But some implementations still get this wrong, and it breaks some signed
messages today, depending on how those messages are handled in transit.
(this is about RFC822 header canonicalization, fwiw, not JSON
canonicalization, but the point is the same).

For example, In 2004 (probably earlier), it was observed that python
e-mail parser failed to "keep the original sequence of bits intact" [1],
and the bug is still not fixed today, afaict.

We're talking about nearly 20 years of failing to do this "easy"
approach.  

Taking the other approach, OpenPGP signatures of textual data use a
canonicalized document format (specifying <CR><LF> line-endings,
ignoring whitespace at the end of lines, back in 1998) [2], and that
seems to have actually worked out OK in terms of interop, though i've
seen some (quickly-fixed) errors pop up over the years.
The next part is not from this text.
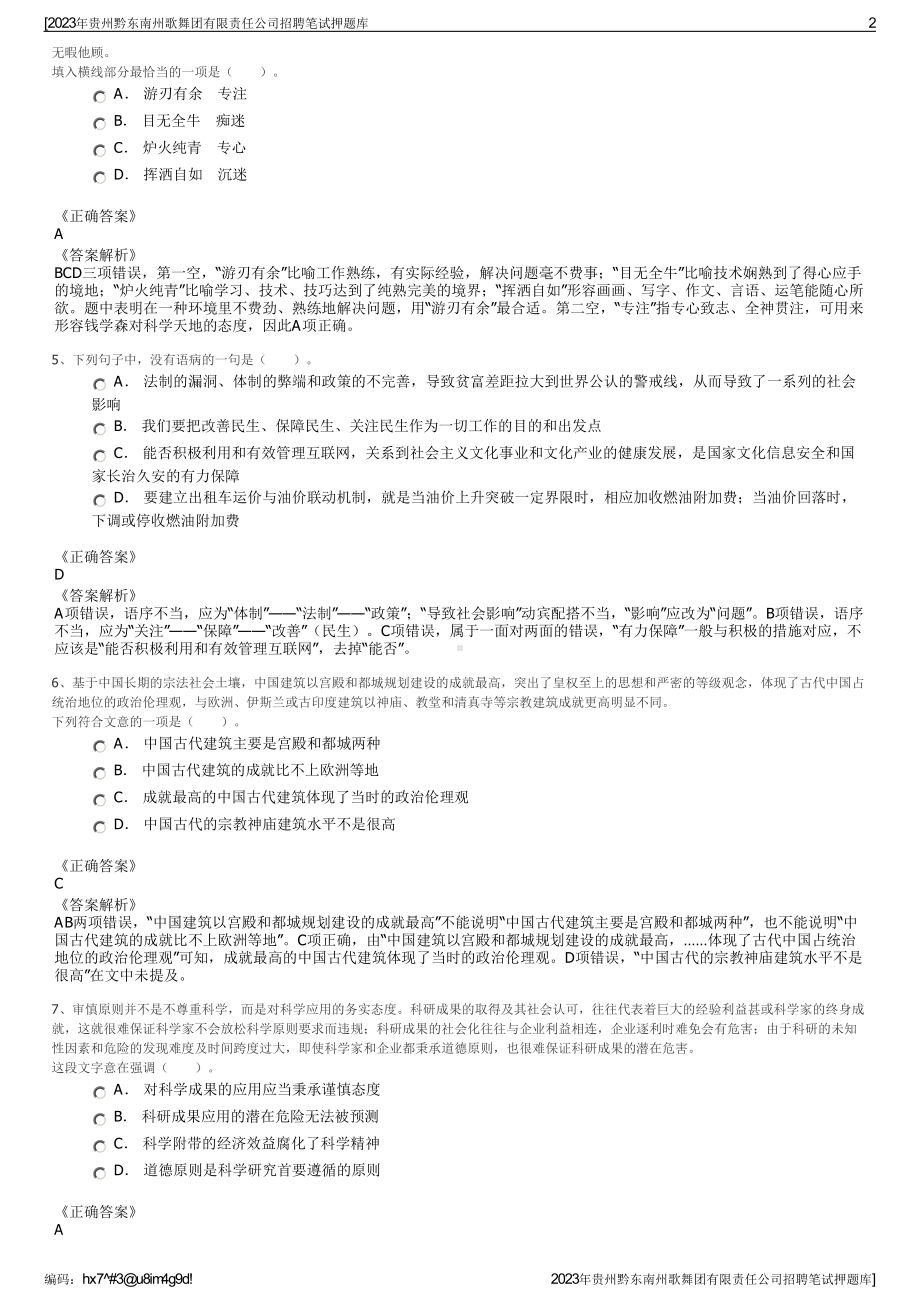 2023年贵州黔东南州歌舞团有限责任公司招聘笔试押题库.pdf_第2页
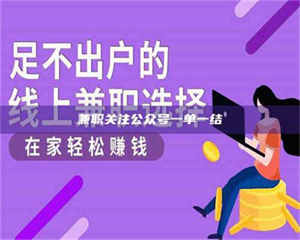 焦作兼职关注公众号一单一结 第1张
People want to investigate and parse and display the content they're
working with, even if there is a signature on it.  It's very tempting
for implementors to treat the parsed form as the sole internal data, and
not to keep around the other binary blob.  Having a well-documented
canonicalization procedure makes that easier.

i'm not saying that canonicalization is necessarily the right solution
here, but it's not like the "just keep your bits intact" proposal is
particularly robust either.

       --dkg

[0] https://tools.ietf.org/html/rfc1847#page-4
[1] http://bugs.python.org/issue968430
[2] https://tools.ietf.org/html/rfc2440#section-7.1